Pakistan: lo sforzo del governo per salvare i cooperanti ostaggio dei talebani
Il governo del Pakistan “condanna con forza il rapimento dei due cooperanti europei
dell’Ong ‘Welthungerhilfe’ che sono in mano ai Talebani. Il Paese è impegnato nella
lotta al terrorismo e farà del suo meglio per ottenerne il rilascio e la loro salvezza.

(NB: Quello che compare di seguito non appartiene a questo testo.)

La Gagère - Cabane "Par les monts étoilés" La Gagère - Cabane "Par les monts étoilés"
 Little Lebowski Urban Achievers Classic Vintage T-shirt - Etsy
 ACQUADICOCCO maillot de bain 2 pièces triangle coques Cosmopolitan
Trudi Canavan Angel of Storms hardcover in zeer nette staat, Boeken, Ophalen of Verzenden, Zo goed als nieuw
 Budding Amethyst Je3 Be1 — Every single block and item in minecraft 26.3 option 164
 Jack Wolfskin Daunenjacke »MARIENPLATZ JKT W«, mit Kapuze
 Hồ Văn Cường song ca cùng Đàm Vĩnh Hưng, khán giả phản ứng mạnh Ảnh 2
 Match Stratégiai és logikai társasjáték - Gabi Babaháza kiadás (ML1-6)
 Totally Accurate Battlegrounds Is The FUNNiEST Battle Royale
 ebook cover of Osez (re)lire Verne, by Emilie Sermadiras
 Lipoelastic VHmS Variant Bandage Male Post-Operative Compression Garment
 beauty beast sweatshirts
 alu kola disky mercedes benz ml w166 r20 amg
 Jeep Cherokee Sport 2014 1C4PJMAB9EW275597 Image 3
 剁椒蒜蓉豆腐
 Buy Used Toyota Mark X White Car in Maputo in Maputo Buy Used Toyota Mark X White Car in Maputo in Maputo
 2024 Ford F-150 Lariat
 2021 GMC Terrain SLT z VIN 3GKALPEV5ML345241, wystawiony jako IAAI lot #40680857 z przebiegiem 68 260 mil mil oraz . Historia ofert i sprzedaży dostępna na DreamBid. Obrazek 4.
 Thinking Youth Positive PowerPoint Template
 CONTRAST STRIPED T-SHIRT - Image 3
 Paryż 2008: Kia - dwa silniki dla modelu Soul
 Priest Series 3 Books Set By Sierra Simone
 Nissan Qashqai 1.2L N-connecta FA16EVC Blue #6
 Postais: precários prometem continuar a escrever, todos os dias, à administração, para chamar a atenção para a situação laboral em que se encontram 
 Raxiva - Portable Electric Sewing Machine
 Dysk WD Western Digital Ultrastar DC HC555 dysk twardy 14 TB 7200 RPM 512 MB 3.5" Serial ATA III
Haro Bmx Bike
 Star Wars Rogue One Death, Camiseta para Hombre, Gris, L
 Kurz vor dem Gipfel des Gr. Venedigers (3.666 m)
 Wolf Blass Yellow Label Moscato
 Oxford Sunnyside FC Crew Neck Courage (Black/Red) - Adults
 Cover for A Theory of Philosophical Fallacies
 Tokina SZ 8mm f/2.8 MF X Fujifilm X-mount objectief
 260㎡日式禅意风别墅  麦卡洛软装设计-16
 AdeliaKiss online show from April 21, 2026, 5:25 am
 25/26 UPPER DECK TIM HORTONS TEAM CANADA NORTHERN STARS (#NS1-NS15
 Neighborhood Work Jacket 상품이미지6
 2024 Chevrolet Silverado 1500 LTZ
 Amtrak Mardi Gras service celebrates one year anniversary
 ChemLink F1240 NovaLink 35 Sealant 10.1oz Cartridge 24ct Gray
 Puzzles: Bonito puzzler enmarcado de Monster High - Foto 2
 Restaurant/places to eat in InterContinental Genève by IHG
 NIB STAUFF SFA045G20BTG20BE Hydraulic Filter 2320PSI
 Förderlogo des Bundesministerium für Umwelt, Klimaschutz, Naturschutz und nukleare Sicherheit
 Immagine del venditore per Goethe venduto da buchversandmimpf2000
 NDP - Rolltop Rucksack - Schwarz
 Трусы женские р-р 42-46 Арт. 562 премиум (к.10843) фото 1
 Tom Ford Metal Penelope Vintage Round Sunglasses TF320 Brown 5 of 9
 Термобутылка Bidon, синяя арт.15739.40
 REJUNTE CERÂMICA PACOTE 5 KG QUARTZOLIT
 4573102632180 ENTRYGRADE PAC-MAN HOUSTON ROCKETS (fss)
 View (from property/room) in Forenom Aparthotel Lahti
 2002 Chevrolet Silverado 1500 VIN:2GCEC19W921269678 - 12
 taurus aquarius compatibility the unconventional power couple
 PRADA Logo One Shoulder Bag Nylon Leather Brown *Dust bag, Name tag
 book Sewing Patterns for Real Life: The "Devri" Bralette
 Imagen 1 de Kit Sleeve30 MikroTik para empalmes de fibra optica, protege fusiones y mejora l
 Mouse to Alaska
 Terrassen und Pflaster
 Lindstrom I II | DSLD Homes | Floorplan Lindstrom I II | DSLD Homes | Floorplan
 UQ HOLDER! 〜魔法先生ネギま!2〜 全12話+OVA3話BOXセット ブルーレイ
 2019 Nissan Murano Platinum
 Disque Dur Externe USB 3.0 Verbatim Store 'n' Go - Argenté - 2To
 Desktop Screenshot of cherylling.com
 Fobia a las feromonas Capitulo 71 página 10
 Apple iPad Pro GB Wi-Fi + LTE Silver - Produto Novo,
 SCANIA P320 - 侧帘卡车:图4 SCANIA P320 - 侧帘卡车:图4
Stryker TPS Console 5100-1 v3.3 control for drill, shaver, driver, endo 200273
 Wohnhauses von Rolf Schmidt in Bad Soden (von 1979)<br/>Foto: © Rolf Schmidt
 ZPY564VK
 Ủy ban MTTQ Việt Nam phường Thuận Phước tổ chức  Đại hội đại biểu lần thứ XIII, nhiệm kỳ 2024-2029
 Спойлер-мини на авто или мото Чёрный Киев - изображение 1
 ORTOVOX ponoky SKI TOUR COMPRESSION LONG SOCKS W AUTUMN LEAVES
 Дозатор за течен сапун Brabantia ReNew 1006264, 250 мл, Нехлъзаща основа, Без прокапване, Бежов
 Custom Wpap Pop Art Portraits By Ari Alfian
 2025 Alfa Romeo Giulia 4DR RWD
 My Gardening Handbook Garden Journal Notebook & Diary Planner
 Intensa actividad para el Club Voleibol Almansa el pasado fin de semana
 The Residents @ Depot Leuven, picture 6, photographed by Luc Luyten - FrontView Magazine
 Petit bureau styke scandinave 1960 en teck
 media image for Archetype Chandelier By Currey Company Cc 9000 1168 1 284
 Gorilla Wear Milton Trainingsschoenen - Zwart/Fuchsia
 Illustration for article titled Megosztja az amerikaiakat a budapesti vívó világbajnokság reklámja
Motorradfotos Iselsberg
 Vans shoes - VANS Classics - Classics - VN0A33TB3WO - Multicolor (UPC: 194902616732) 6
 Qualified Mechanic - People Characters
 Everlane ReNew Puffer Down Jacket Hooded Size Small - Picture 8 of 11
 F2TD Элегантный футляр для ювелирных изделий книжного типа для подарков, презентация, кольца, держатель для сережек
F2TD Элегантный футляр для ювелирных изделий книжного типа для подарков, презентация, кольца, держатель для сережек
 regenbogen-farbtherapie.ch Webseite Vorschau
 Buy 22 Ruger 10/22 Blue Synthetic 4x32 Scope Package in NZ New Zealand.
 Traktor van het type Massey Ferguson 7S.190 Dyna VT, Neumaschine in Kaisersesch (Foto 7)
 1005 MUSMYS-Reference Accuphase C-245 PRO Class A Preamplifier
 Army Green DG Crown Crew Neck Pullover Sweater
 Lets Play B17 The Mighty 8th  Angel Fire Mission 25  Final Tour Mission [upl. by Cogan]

Come Ministero per l’Armonia, segnaleremo nuovamente il caso al Ministero degli Interni,
chiedendo il massimo sforzo”: è quanto dichiara all’agenzia Fides il cattolico Akram
Gill, Ministro di stato federale per l'Armonia e le minoranze religiose. I due operatori
umanitari occidentali rapiti a Multan a gennaio sono l’italiano Giovanni Lo Porto
e il tedesco Bernd Johannes. Attualmente sono prigionieri dell’organizzazione terrorista
del “Tehrik-e-Taliban Pakistan” (Ttp). Secondo informazioni filtrate dal gruppo, i
due stanno bene e, secondo gli osservatori, presto potrebbe arrivare una richiesta
di riscatto. In un colloquio con l’agenzia Fides Mehdi Hasan, membro del consiglio
direttivo dell’Ong “Human Rights Commission of Pakistan” (Hrcp) spiega: “I talebani
rapiscono gli operatori umanitari soprattutto perché temono l’opera di coscientizzazione
che le Ong compiono nel Paese. Si sentono minacciati dal lavoro sociale ma soprattutto
culturale: la loro capacità di influire sulla mentalità della gente, sulla stima che
possono generare verso la società civile, verso una idea di tutela dei diritti che
le Ong promuovono, questo lavoro può intaccare la loro ideologia estremista. Come
Ong siamo attenti a monitorare la situazione. Continuiamo a fare pressioni sul governo
perché aumenti lo standard del rispetto dei diritti umani e la protezione degli operatori
umanitari”. A dicembre scorso Zarteef Afridi, coordinatore della Hrcp nella provincia
di Khyber è stato ucciso per il suo impegno nel campo dei diritti umani. “Con rapimenti,
omicidi e intimidazioni, le Ong estere lasceranno il Paese e questo è quello che i
Talebani vogliono” conclude Hasan. Fra i recenti rapimenti operati da gruppi talebani,
si registrano, nel gennaio scorso, anche quelli di un operatore umanitario del Kenya
in Sindh e di un inglese della Croce Rossa a Quetta. (R.P.)